All manner of recipes for savoury pies occur in the manuscript collection. For the modern reader, used to the dominance of a few types of meat as pie fillings, their variety comes as a surprise: in particular, seafoods are a common filling, with oysters, lobster and shrimps (the last-named being measured in quarts rather than by weight: a heroic quantity) all being used. We, however, will highlight another recipe, one that sheds incidental light on a common turn of phrase. We speak still of someone “eating humble pie” when we mean that they have been humiliated: the expression comes ultimately from a French word for the entrails of a deer, Humble Pie (or Umble Pie, as it was originally) being made from these less choice cuts after the more sought-after parts of the animal had been taken. In our MS.3769, compiled by a Mrs Jane Parker around 1651, we find a pie slightly further down the social scale than this, even: an ersatz Humble Pie to be made from lamb’s meat.

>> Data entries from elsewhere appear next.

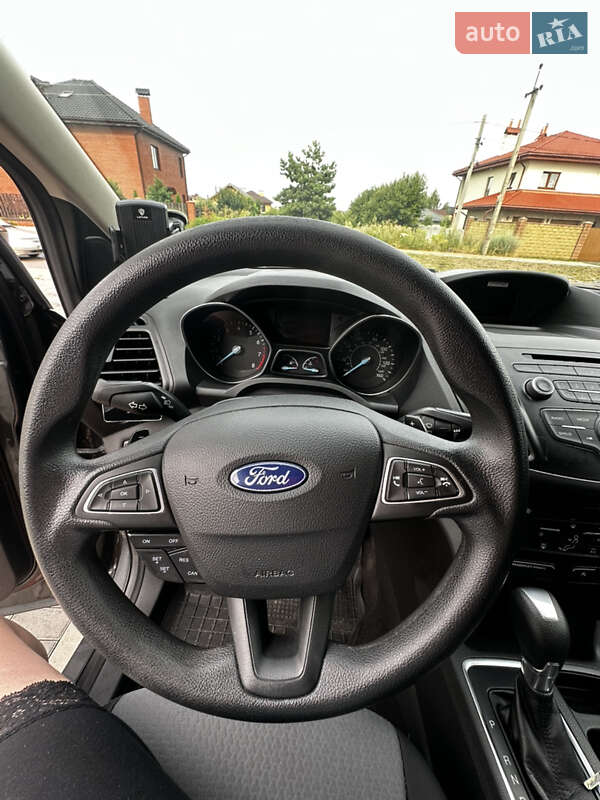 Внедорожник / Кроссовер Ford Escape 2017 в Киеве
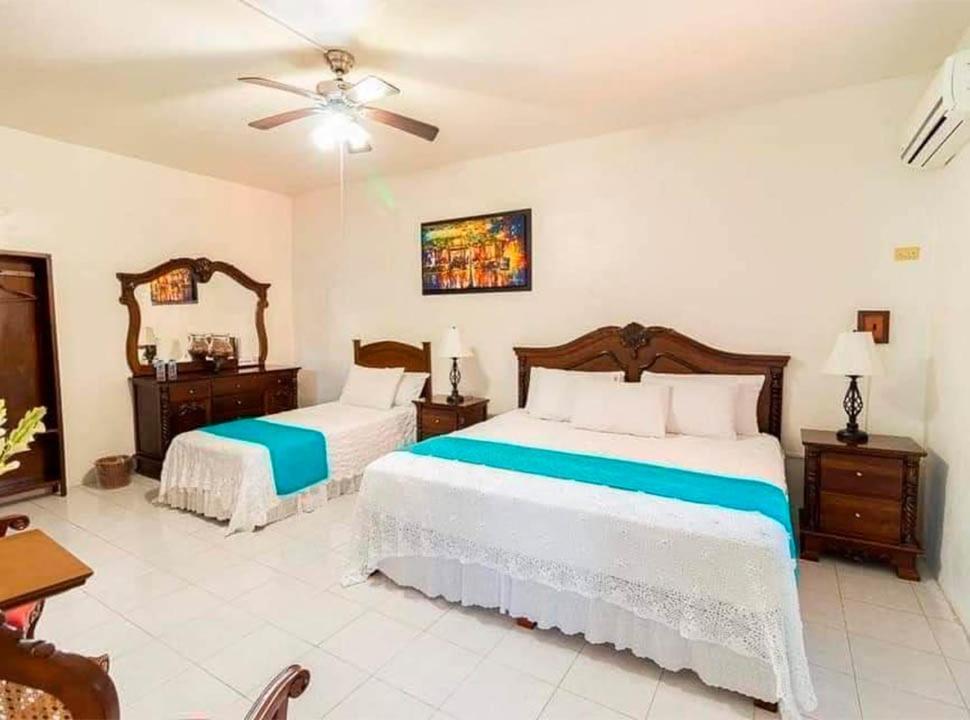 Hotel Casa Blanca トラコタルパン エクステリア 写真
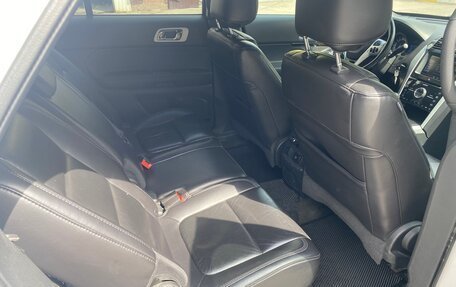 Ford Explorer VI, 2012 год, 1 950 000 рублей, 12 фотография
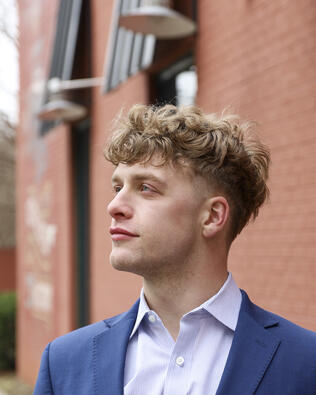 Headshot of Colin Calvert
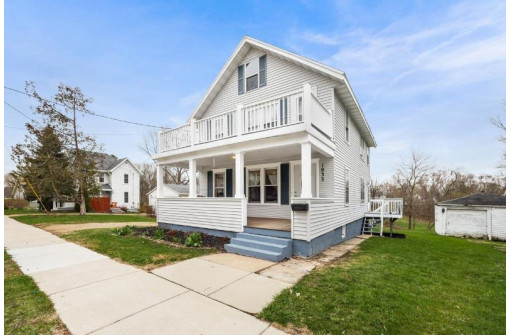 1033 Vernon St, Stoughton, WI 53589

To bake a lams head and portinance [viscera] in a pie to eat like the Umbles of a dear
Take a lambs head and portenance and parboyle it a litell and then Chop it small as you doe for minst [mince] pies with a po[u]nd of beefe suet, a pou[n]d corrance [currants] [and] a few sweet herbs[;] season it with peper and salt and so bake it[.] When it comes out of the oven you may put a litell sack [sherry] with a litell sugar and a litell boter [butter] and warme it and put it into the pie.
How to make the pastry case, in this recipe, is seen as too obvious to bother mentioning. Noticeable also in seventeenth century recipes is the absence of timings or oven temperatures – these are refinements that only come in when items are cooked in predictable gas or electric ovens. Working on an old-fashioned kitchen range, whose temperature would differ from house to house and from day to day, the cook would simply put the item in and let it bake until it was done, testing frequently and adjusting in the way we still do now with items cooked on the top of the stove.
The British pudding, in which beef suet can be used in a sweet dish, often startles people from other countries. It is interesting to see the same combination of suet and fruit in this savoury dish, suggesting that we are misguided in drawing a sharp line between sweet and savoury dishes when looking at these traditional recipes. The recipe book of Hannah Bisaker (née Buchanan), dating from 1692, endorses this view, with the many pies listed in its opening pages including, next to each other, “Veale Pye Savery” and “Veale Pye Sweete”. As we noted in an earlier blog posting, however, Bisaker’s recipe book is of particular interest for the attention it pays to the outside of pies as well as their content. For Jane Parker, the pastry case was something not even worth mentioning in the recipe. Hannah Bisaker, in contrast, gives up several whole pages to templates for elaborate pastry shapes. Whatever the content of her pies – and as well as the two veal recipes mentioned above, she cites hare, venison, mincemeat (using real meat) steak and “stump pie”, a sweet recipe combining meat, sugar and dried fruit, just in the first few pages – they would be housed with appropriate care and ceremony.
From pies literal to pies figurative, and a much less palatable recipe. On the shelves of the Library’s Reading Room, Howard W. Haggard’s 1929 history of medicine Devils, Drugs and Doctors reproduces a caricature by Robert Cruickshank (brother of the more famous George) in which a corpulent doctor tucks into “Cholera Pie”. The image reflects the belief that an epidemic that was disastrous for the public was good financial news for the doctor: his pie here rests on a table labelled “Board of Wealth”, a pun on “Board of Health”. For the ultimate in unsavoury pies, however, we must go to Fleet Street and the story of Sweeney Todd, the famous barber whose customers reputedly ended up in the products of his neighbour’s pie shop. Sweeney Todd: the real story of the demon barber of Fleet Street sits on the Library’s shelves at shelfmark KM.43 (and in passing, how many of our readers know that this shelfmark takes them to a long rank of works on famous British murderers?). Mercifully, it contains no recipes.
The image at the head of this posting is an engraving after Hogarth, whose details can be seen here.
All recipes cited here are tried strictly at the cook’s own risk; and pies containing human flesh, of course, should not be made at all.